Here's an answer I've just made. Can any munster or sequester comment on the finiteness or otherwise of A064233 ? Best to all, R. ---------- Forwarded message ---------- Date: Wed, 30 Mar 2005 13:07:06 -0700 (MST) From: Richard Guy <rkg@cpsc.ucalgary.ca> To: Althoefer <320045884400-0001@t-online.de> Cc: Richard Guy <rkg@cpsc.ucalgary.ca> Subject: Re: Sums of Primes and Squares I'm not sure if I can be of much help. A19 of UPINT doesn't quite cover it. But let me tackle (ii):- If m^2 = n^2 + p, then necessarily n = m-1 and p = 2m-1 so all numbers [(p+1)/2]^2 are expressible as [(p-1)/2]^2 + p. On the other hand, if m is not of the form (p+1)/2 then m^2 is not equal to r^2 + p for any r, because p = m^2 - r^2 = (m-r)(m+r) requires m-r = 1 and then p = m+r = 2m-1 which we've assumed to be false. So the squares of 5, 8, 11, 13, 14, 17, 18, 20, 23, 25, 26, 28, 29, ... are not the sum of a square and a prime. I.e., almost all squares aren't. As for (i), sequence A064233 doesn't give any references, but I'd guess that the sequence is as likely to be infinite as finite -- good question which may find its way into future editions of UPINT. The answer for (iii) is presumably the same as that for (i). Let me know if you learn more. R. ID Number: A064233 URL: http://www.research.att.com/projects/OEIS?Anum=A064233 Sequence: 1,2,5,10,13,25,31,34,37,58,61,64,85,91,121,127,130,169,196, 214,226,289,324,370,379,400,439,526,529,571,625,676,706,730, 771,784,829,841,991,1024,1089,1225,1255,1351,1414,1444,1521, 1549,1681,1849,1906,1936,2116 Name: Numbers which are not the sum of a prime number and a nonzero square. Example: 5 = 1+4 or 2+3; a prime and a square do not appear together in either sum Math'ca: Complement[ Table[ n, {n, 1, 10000} ], Union[ Flatten[ Table[ Prime[ i ] + j^2, {i, 1, 1230}, {j, 1, 100} ] ] ] ] See also: Adjacent sequences: A064230 A064231 A064232 this_sequence A064234 A064235 A064236 Sequence in context: A003654 A047617 A018571 this_sequence A051952 A103188 A064392 Keywords: easy,nonn,nice Offset: 0 Author(s): Axel Harvey (axe(AT)cam.org), Sep 22 2001 Extension: More terms from Vladeta Jovovic (vladeta(AT)Eunet.yu), Robert G. Wilson v (rgwv(AT)rgwv.com) and Felice Russo (felice.russo(AT)katamail.com), Sep 23 2001 On Wed, 30 Mar 2005, Althoefer wrote:

Dear Prof. Guy,

can you please tell me, what is known about the following questions:

(i) Are there infinitely many natural numbers which are NOT the sum of a prime and a square? (For instance, 130 is such a number; 129=113+16 is not.)

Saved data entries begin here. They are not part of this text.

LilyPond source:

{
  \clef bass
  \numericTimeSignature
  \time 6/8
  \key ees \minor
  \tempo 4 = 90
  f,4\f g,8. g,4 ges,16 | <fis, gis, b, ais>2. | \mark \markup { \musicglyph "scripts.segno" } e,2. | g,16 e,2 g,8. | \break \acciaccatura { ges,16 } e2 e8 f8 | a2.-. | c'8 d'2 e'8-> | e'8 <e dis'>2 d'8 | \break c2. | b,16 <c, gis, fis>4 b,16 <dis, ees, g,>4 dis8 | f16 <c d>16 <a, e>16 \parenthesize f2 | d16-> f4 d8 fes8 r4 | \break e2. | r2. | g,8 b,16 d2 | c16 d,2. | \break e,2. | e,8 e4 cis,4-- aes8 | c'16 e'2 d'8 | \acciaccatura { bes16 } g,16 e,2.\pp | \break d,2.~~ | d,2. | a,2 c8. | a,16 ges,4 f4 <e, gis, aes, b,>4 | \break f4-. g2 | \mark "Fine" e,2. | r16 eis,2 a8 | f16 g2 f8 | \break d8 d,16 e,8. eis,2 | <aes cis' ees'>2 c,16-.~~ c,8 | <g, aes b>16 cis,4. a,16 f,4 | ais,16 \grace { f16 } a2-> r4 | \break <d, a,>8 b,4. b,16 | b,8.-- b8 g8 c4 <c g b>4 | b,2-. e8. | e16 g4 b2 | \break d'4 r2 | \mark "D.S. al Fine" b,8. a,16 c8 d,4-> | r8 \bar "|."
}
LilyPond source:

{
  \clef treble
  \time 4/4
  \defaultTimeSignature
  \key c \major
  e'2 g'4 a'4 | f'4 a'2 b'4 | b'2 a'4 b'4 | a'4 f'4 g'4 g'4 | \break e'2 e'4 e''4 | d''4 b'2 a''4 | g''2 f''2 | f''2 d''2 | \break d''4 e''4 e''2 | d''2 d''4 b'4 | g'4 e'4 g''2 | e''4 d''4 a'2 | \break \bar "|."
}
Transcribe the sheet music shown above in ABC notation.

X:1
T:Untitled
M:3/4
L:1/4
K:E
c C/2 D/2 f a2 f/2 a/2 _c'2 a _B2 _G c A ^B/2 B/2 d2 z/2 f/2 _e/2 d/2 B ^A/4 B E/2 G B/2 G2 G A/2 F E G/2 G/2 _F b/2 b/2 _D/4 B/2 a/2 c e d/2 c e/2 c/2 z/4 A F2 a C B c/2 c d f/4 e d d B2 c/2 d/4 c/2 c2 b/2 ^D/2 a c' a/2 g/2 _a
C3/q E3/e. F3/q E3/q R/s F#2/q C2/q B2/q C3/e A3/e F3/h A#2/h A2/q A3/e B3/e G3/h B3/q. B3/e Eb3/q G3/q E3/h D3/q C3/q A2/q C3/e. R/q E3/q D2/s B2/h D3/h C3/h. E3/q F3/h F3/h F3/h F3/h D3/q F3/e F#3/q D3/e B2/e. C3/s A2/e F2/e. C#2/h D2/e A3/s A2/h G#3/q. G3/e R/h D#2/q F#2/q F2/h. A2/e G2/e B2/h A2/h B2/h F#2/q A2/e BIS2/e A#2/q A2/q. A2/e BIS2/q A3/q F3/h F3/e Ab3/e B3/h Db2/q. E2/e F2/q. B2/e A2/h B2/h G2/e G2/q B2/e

(ii) Are there infinitely many squares of natural numbers which are NOT the sum of a prime and a square? (For instance, 625 is such a number.)

(iii) Are there infinitely many natural numbers, which are both not squares numbers and not the sum of a prime and a square?

My conjecture is that all three answers should be NO.

Thanks in advance for your reply. Sincerely yours, Ingo Althofer.